4) As you do that, you are taking what seems like a simple story and making it more complicated. The truth is ALWAYS complicated. Just think about what you have learned about eye witness testimony: the ways in which multiple people can watch the same event and see very different things, depending on their angle of vision, what they are focusing on, and what they are predisposed to see.
a. The best demonstration of this, for everyone in the audience who has not gone to law school, is “the invisible gorilla experiment.” (If you don’t know it, click the link and do it now before reading further.) You have a group of six people, three in white shirts and three in black shirts. The people in white shirts are passing a basketball to one another and the people in black shirts are passing a basketball to one another, and you tell the audience that they are supposed to count how many passes the people in white shirts make and ignore the passes the people in black shirts make. And they are all moving around in a circle. After about thirty seconds, a person in a full body gorilla suits walks into the center of the circle and beats his chest and then walks out. About HALF of the people do not see it, and will tell you you are crazy when you say it happened.
b. Making simple stories more complicated, by listening carefully and questioning what you hear, is the key to taking what conflict experts call high conflict, where people are deeply dug in and see everything through the lens of a simple right/wrong or true/false binary, and opening up paths to reducing the emotional intensity of that conflict, to finding common ground again.
5) As you remind people of what unites them in addition to what divides them, you are reminding them of their common humanity.
a. As I look out on this audience, I know that you undoubtedly have different politics. But you all love and are proud of your children, grandchildren, siblings, nieces, nephews friends who will cross this stage. We have that love and pride in common, one of the defining features of our humanity.

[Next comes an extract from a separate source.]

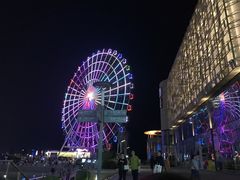 -琴岛之星摩天轮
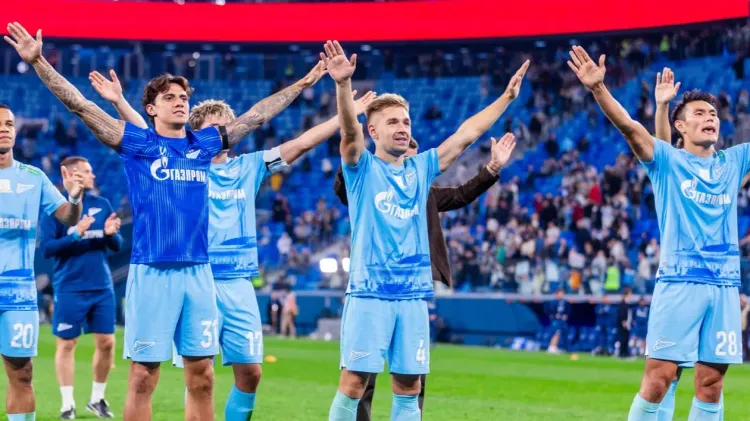 Экс-нападающий «Зенита» Погребняк: Не испортил бы сегодняшнюю команду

b. We have also have our human imperfection in common. I had a crisis with my organization in 2017, and when I turned to my board for advice, one of my board members told me to run toward the criticism. He said: “Imagine you are having an argument with your spouse. It is absolutely clear to you that you are 98% right — you just KNOW you are right and your spouse is wrong. But perhaps there’s a little niggling voice in the back of your head that says maybe, just maybe, she or he is 2% right. Perhaps you DID leave the dishes in the sink again or DIDN’T remember to pass one a message. My director said, “run toward that 2% and use it as the start of a learning journey.” Here at the University of Dayton, with it’s Marian tradition, I could rephrase that lesson as “we are all sinners.” We all make mistakes, and we can all learn from them. That is part of our common humanity, a part that lawyers often see in their work. You can remind yourselves, your clients, and everyone you engage with, from judges and juries to office clerks, that we are all flawed.
So go forth. Go forth as lawyers, with pride in your new profession. Go forth as problem-solvers, as active listeners, as empathizers, as complicators, as mediators. Go forth as observers of human nature who can remind us all of what we have in common. Go forth as healers!
Congratulations to the class of 2022.”